Toni, qu’est ce qui t’a motivé à participer au projet?

Toni : après avoir écouté les CD de Malted Milk, je les ai trouvés très talentueux, et Sebastian m’a parlé avec un tel engouement de ce projet que ça m’a réellement intéressée d’y participer. Et je me suis dit, prend cette chance et voyons ce qui se passe ensuite.

Comment se sont déroulées les compositions pour ce CD?

Arnaud : en novembre 2013, on avait déjà l’idée de ce projet qui était en marche et on a commencé à composer de notre côté pour proposer des chansons à Toni. Elle nous a donné des avis très positifs et puis on a calé une semaine de résidence à Nantes en janvier 2014, dans l’objectif d’aboutir à des choses dont on avait discuté avec Toni, et aussi écrire des morceaux sur place.

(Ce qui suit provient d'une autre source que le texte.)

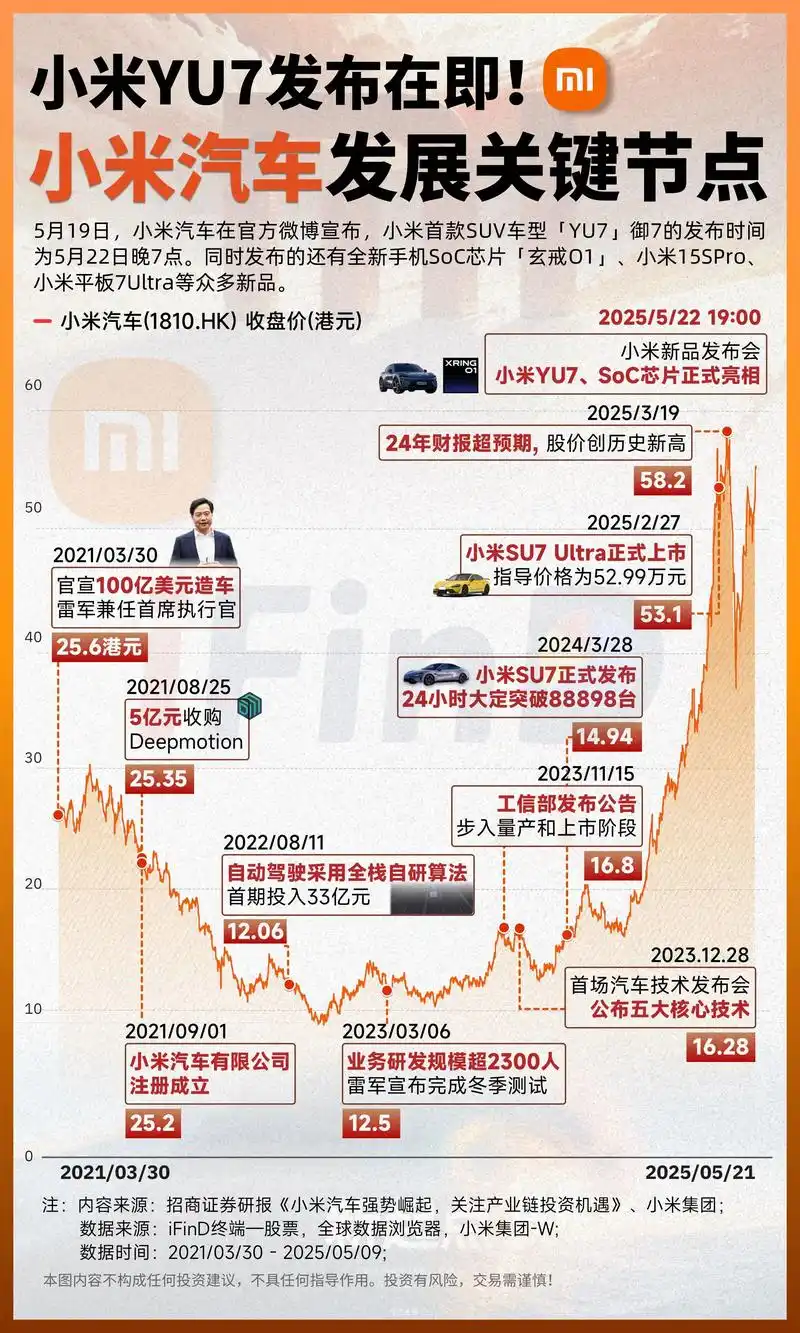 小米SEO营销如何引爆流量？中小品牌能否复制推广路径？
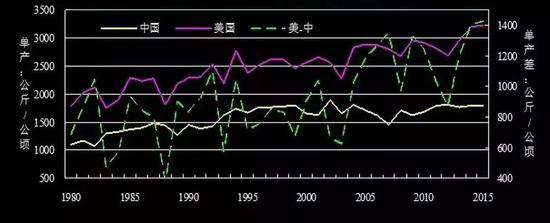 1980-2015年中美大豆单产比较。图片来源：基因农业网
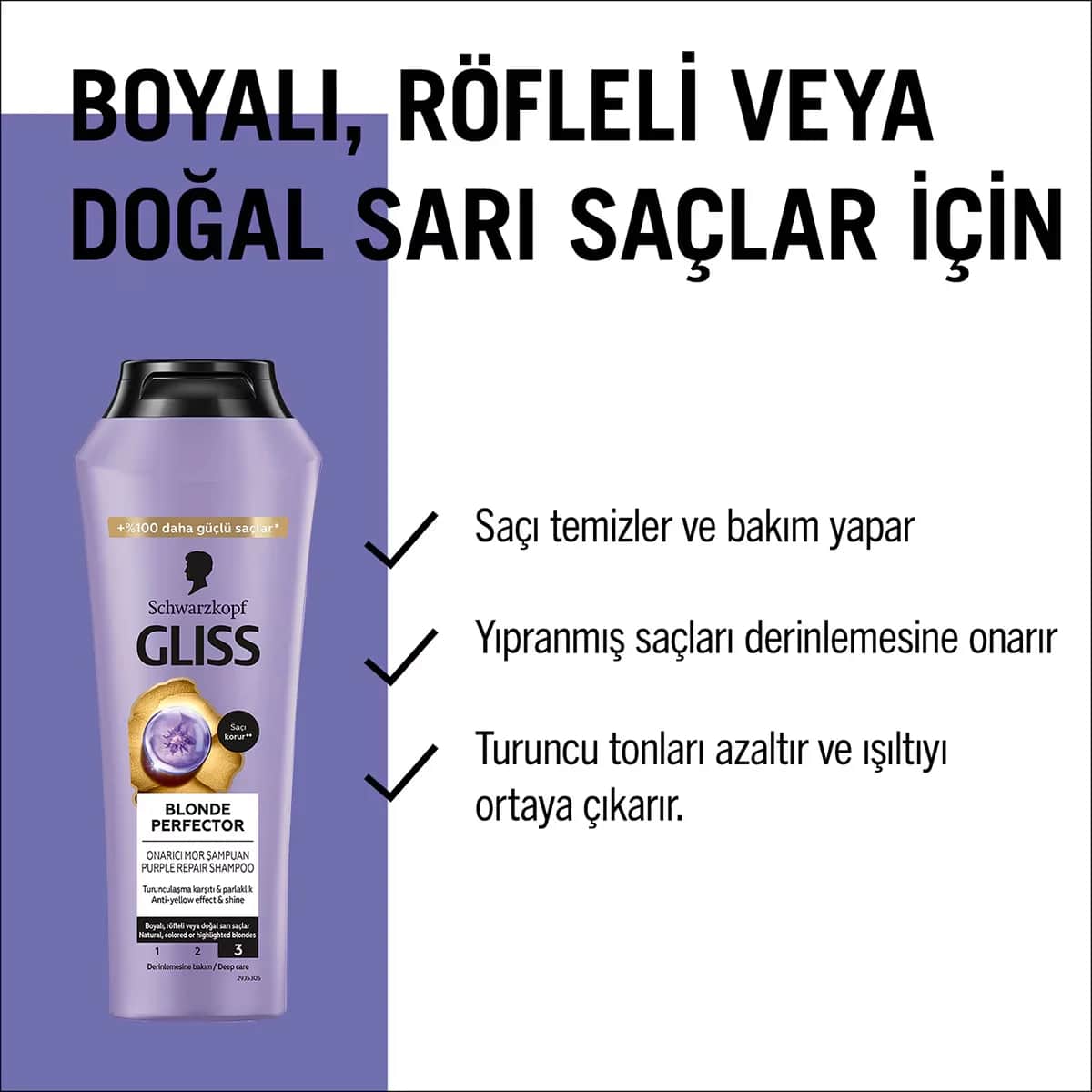 Шампунь Gliss Blonde Perfector Анти-оранжевый Ремонт с Пептидом и Экстрактом Черники 250 мл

A la fin de ces 6 jours, on a fait un concert à Nantes, lors des Biennales Internationales du Spectacle (BIS), qui réunit beaucoup de programmateurs et de gens de la profession. C’était un peu stressant parce qu’au départ on n’était là que pour préparer un disque, et finalement on a passé un super moment sur scène. Lorsque Toni est ensuite repartie aux Etats-Unis, on a beaucoup échangé par internet.

Puis Toni est revenue pour les Victoires du Jazz et là on en a profité pour terminer les voix.

Lors de tes différents voyages et concerts aux Etats-Unis, y a-t-il un événement ou une rencontre qui t’a particulièrement marqué?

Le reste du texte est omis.